同展覧会について、『タイムズ』はこう述べています。
「グループの9名の画家は全員日本生まれであり、16点の作品のうち、トーマス永井の二点の水彩画の風景は伝統的な日本の芸術を暗示している。門脇ロイの《ボタニック・ガーデン》は唯一日本の主題であり、中溝不二の《チューダー・シティ―》は夏の夜の屋上で涼むアッパー・イースト・サイドの貧しい人々を描いた。昨日、展覧会で中溝不二は日本の画は売れないので、アメリカの技法でニューヨーク・シーンを描いたと述べていた。この展覧会で最も日本風でない作品は石垣栄太郎の《逃亡》と《戦争の犠牲者》で、 これらは日中戦争に巻き込まれた中国の人々を同情的に描いている」
(“Japanese Artists Have City Exhibit: Nine Show Works Here Slight Traditional Influence Seen,” New York Times, June 23, 1938)

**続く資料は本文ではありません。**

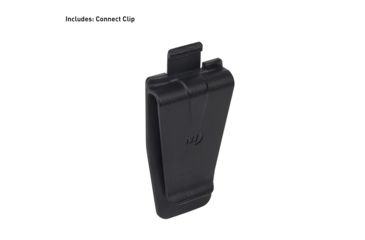 Image of Nite Ize Connect Case for iPhone 6,Teal CNTI6-36-R8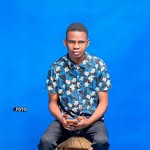 Maxy Mw - @maxwellkhangamwa - Instagram
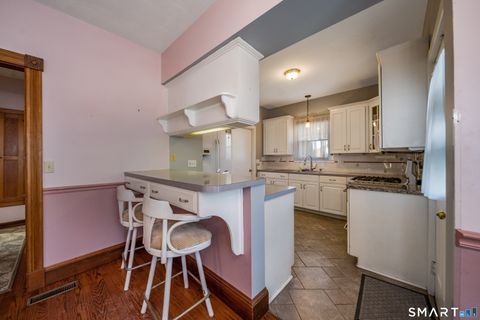 Tiny photo for 141 W Broad Street, Stonington, CT 06379 (MLS # 24152142)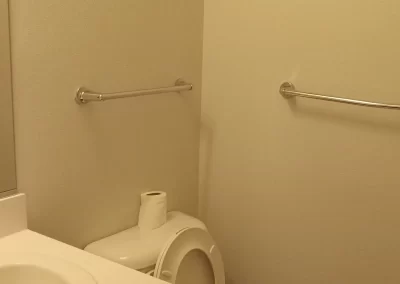 Affordable Cleaning Services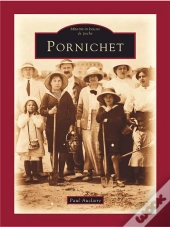 Pornichet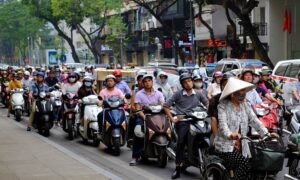 hanoi-traffic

また 『ヘラルド・トリビューン』 にはこう記されています。
「いくつかの作品は明らかに反戦を描いている。石垣栄太郎のドラマチックな《逃亡》や《戦争の犠牲者》は日本の爆撃や略奪かを題材にしている。他の作品はより叙情的な傾向に描いている。過去と個人的なつながりを想像的に構成させた、鈴木盛の《追憶》、やさしく気まぐれな、保忠蔵の《ガスタンクと花々》、国吉康雄は巧妙な色の《横たわる人体》を出品している。そして門脇ロイ、宮本要、永井トーマス、中溝不二、亘理武夫、山崎近道の作品がある」
(“Notes and Comment on Events in Art: Municipal Show,” New York Herald Tribune, June 26, 1938).
ニューヨーク市民美術展覧会の第31回展は、日本人芸術家が日中戦争の開戦の前に申し込んでいたものが、1938年にようやく順番が回ってきたものでした。そのため当初、出品を予定していた芸術家の中には、日中戦争を巡る情勢悪化を理由に出品を取りやめる者もいました。しかし、それでも同展覧会に出品した芸術家は、すべてアメリカの市民権が無い一世の日本人だったのです。彼らはアメリカで生活する市民権が無い日本人として難しい立場にありながらも、ニューヨーク市主催の展覧会に反戦をテーマにした絵や叙情的なアメリカン・シーンの作品を展示することで、世界情勢に翻弄される自身の危うく不安定な立場を訴えたのでしょう。